Orlitsky was able to discover this limit by quantifying the problem in terms of the positive integers. The nature of the sample set is actually irrelevant to the probabilistic algorithm. What matters is the order in which outcomes appear and how often they appear. So a sample sequence such as giraffe, giraffe, elephant, giraffe, zebra would be encoded in numbers as 1,1,2,1,3. Every time a new item appears, it is assigned the next-highest number, so that this mathematical model, according to its creators, can capture the worst possible problem-one in which there is an infinite number of hidden data items.

Using numbers as the sample set also makes it possible to consider the asymptotic behavior of estimators as the length of sampled data increases indefinitely.

A given method for estimating the probability of a sequence of numbers is compared with the maximum probability assigned to the sequence by all possible probability distributions. Specifically, Orlitsky defines the attenuation of an estimator as the ratio of the maximum value resulting from the application of all possible probability distributions to the value assigned by the estimator. Since an estimator uses some probability distribution, its value will always be lower than the maximum value, so this measure is always greater than 1. Thus, a figure of merit would be how close the attenuation of an estimator approaches 1.

"That type of definition has been used before on problems where the sample set is small and known, but we have extended it to large, even infinite sample sets," Orlitsky said. By looking at how attenuation varies as the length of a data stream increases, Orlitsky and his colleagues were able to discover the ultimate limits of a given estimation technique.

A common technique known as the add-constant estimator, which was first suggested by Pierre-Simon Laplace, the inventor of probability theory, turns out to be very poor.
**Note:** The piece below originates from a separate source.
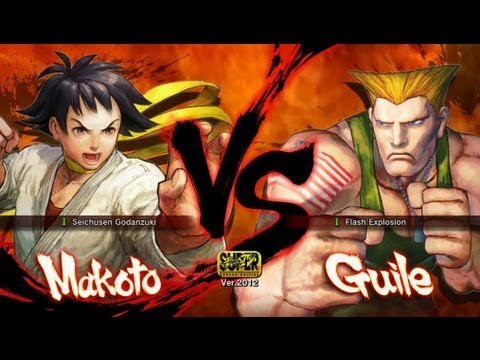 VRyu Sensei (Makoto) VS OS Nouryu (Guile) - SSF4 AE 2012 720HD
As the data stream lengthens, the estimates actually diverge away from 1; thus add-constant estimators have infinite attenuation. That was a surprising finding, because add-constant estimators have always been a simple and effective approach on small-sample-set problems.
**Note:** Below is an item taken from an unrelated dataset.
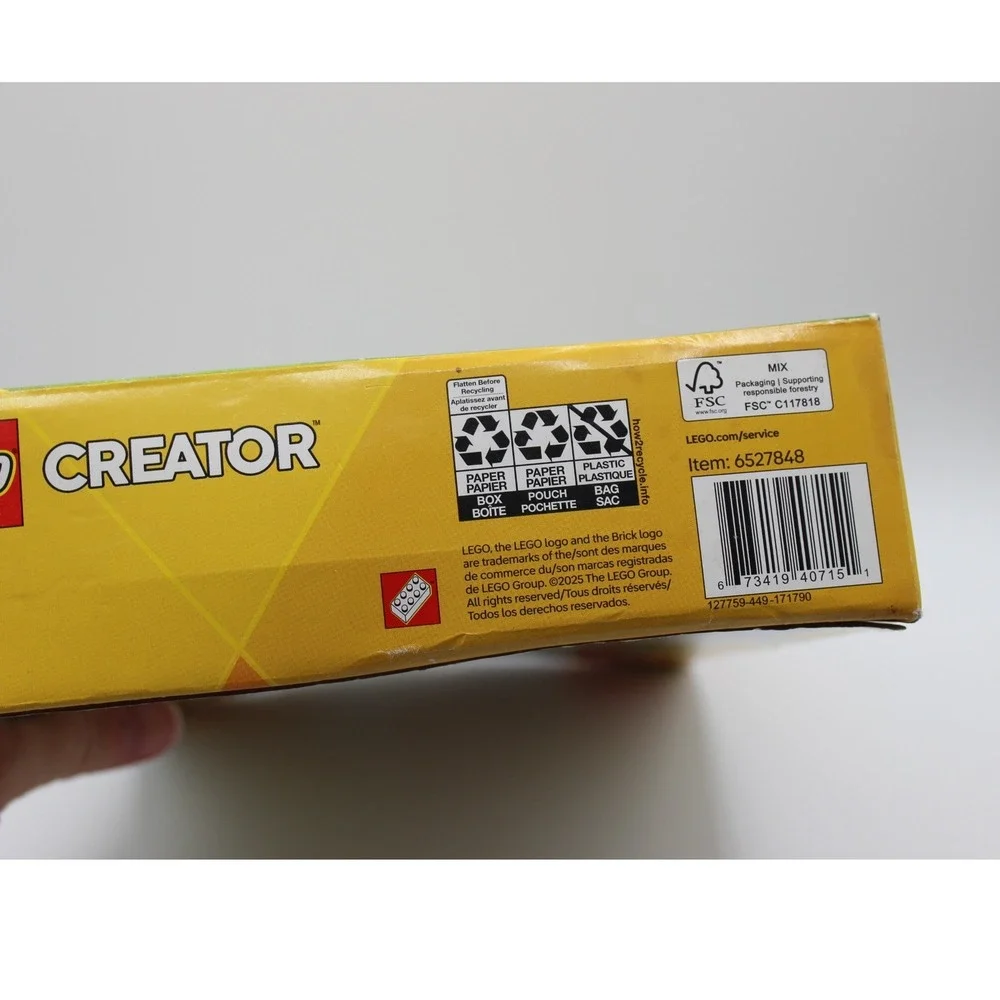 LEGO Creator 3-in-1 White Rabbit 31133 Building Set Bunny Seal Parrot 258 Pcs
Good-Turing estimators always stay within a factor of 2 of the optimum probability, but Orlitsky discovered that they have a lower limit as well. He was able to show that an estimator with one of the simplest smoothing algorithms could not get below a factor of 1.39 of the best possible estimation for a string of data. Estimators with more complex smoothing algorithms were difficult to analyze, but simulations indicated that they too had a lower limit on their attenuation.

"Theoretically we can show that it is possible to create estimators that attenuate to 1, but the practical aspect is how fast they converge," Orlitsky said. "That is a problem we are working on now-and we have some new results that we are not ready to talk about at this time."